Three Dollar Quill

Coding 2022-01-14

Fri 14 January 2022

By Max Woerner Chase

The good news is, I managed to construct a successful parse. The not-as-good news is, I had to fix some bugs before it went through. The worse news is, while almost all of the bugs made sense in retrospect, I think I'm going to need to do a close reading of the entire tutorial to understand where I went wrong with the final bug.

Easy stuff:

"Oh, I forgot to include the token value when I do a scan." This is totally my fault, since it's a failure to fulfill a requirement that I came up with.
"I missed the final predict/complete step." This is a bit more interesting, because it reveals something that I glossed over about Earley parsers: in a successful parse, there will be one more state set than there are tokens, because the state sets border the tokens on either side.

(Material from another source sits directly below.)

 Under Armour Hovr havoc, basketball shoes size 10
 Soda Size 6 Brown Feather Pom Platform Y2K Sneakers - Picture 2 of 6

And now that I say that, I understand what went wrong with the last bug. This is a doozy, so let's see whether I can explain it.

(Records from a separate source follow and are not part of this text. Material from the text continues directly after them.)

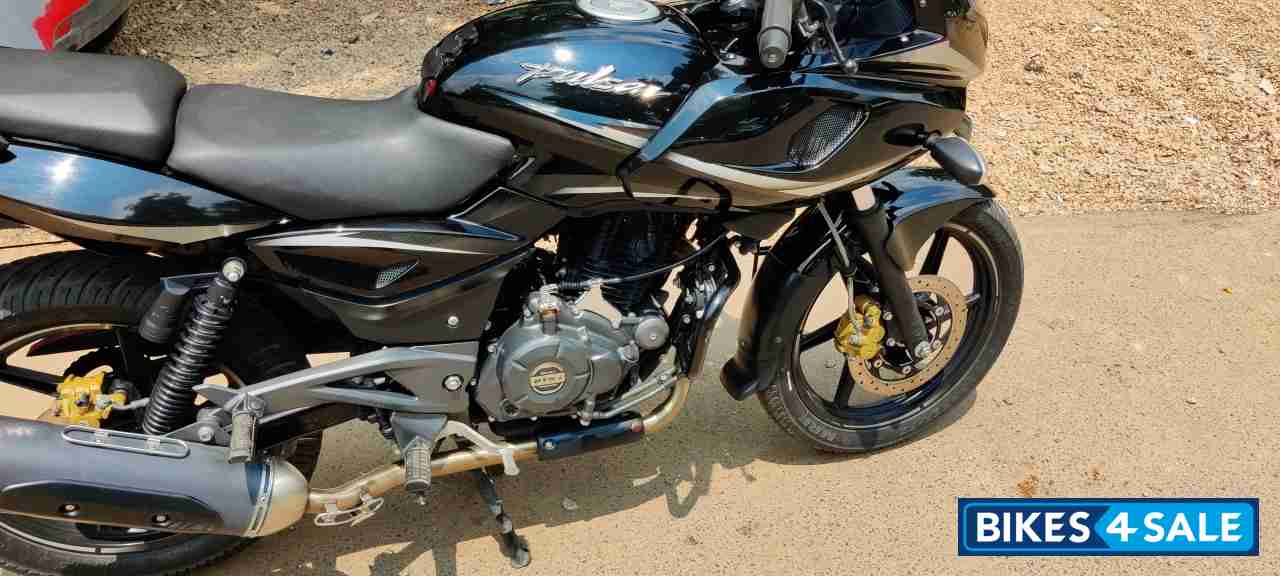 Black Bajaj Pulsar 220F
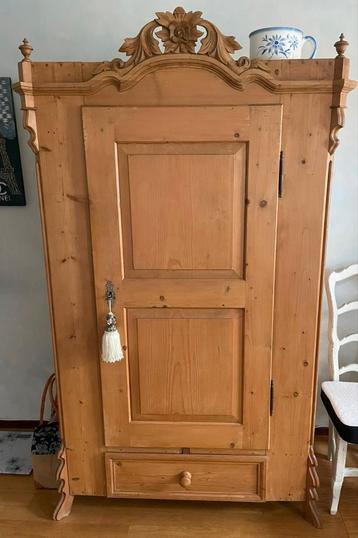 Antieke Grenen Kuifkast beschikbaar voor biedingen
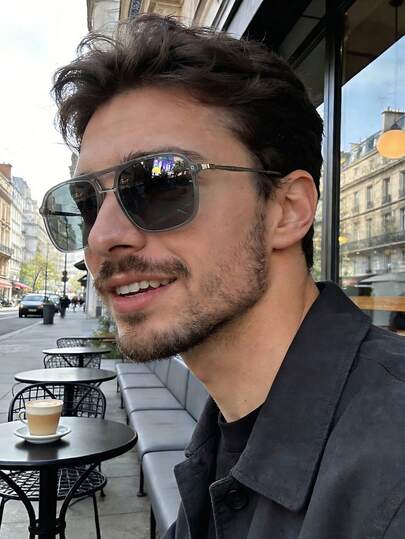 男女通用灰色偏光复古飞行员太阳镜，经典金属镜框时尚眼镜，适合大脸型，夏季度假必备复古太阳镜，适合骑行、钓鱼、驾驶、海滩等场合。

All right, so my parse generators rely on several recursive functions. The function that I broke takes an item and an "end index" to a state set, and, looking in the range between the end index, and the item's "start index", yields all possible sub-divisions of that range into the symbols required by the rule. This function calls itself recursively for one of two reasons:

If the item has a non-None value as its last node, then that value corresponds to a terminal symbol, so the node is skipped over: the node is discarded, and the end index is decremented so we check the previous state set.
Otherwise, the code checks all items at the end index, to see if it can find a completed item that matches the non-terminal symbol required by the item's rule at this point. If it does, then we can get the rest of the division by... discarding the node and choosing an appropriate value for the end index.

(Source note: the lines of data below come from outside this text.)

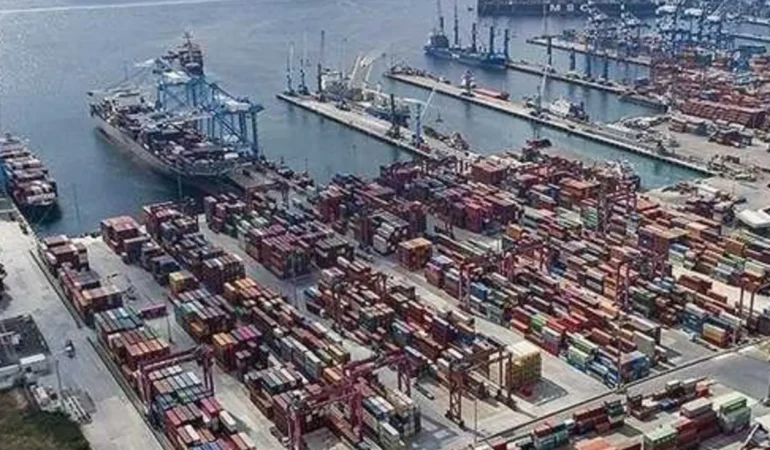 İhracatta ağustos rekoru: Yüzde 8,1 artarak 23,5 milyar dolara çıktı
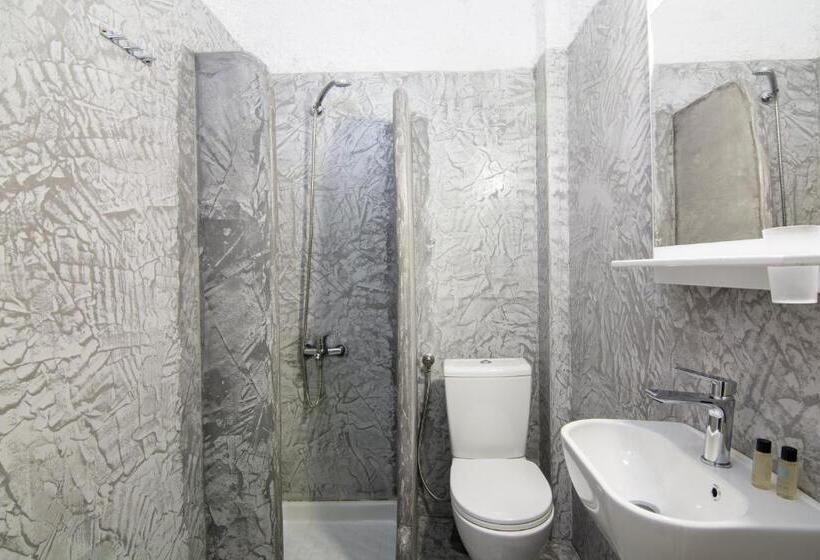 Chambre Quadruple Standard, Carlos Pension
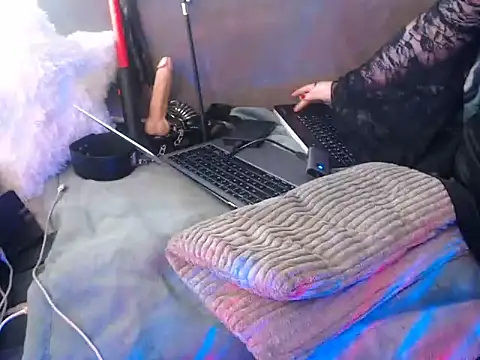 GoddessMonicaAngels Chat XXX in diretta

And that last bit is where I tripped up. I forgot that the state set indices go between tokens, so I tried to "skip over" an index, because the last token used by one symbol is the token before the first token used by the next symbol. This doesn't work, because "the ending of one symbol" and "the beginning of the next symbol" correspond to the same state set index. So I tried to "compensate" for something when I should have left well enough alone.

Next up, now that I sort of understand things, I see that I absolutely did not account for empty rules. (I first verified this experimentally.) So, before I can properly move on, I'll want to fix that.

Let's see what fixing that looks like.

Well, first off, I need a constructor helper for Parser objects.

...

I got distracted and did the fix. This basically consisted of implementing the algorithm that Jeffrey Kegler provided for detecting nullable symbols, undoing some premature optimizations I had done that interfered with actually using the data on nullability, fixing a code divergence because apparently that happens nearly immediately after I copy and paste some code less than ten lines down from its origin, and pondering whether I have it right, because the fixed code has more items in its state set than the code from the tutorial.

I think this is okay, because if I'm understanding things correctly, the tutorial is showing an intermediate stage of parsing. I could be totally wrong, though.

Hm, interesting question that just occurred to me: is my current parse generation code able to properly handle nullable sequences that can go arbitrarily deep? I'm skeptical, so maybe just don't do that.

I think it might actually act really pathological. But it's getting late, and I don't want to think about that too hard.

Since I've gotten a successful parse, maybe I should move on for now, and come back to this code later.

Good night.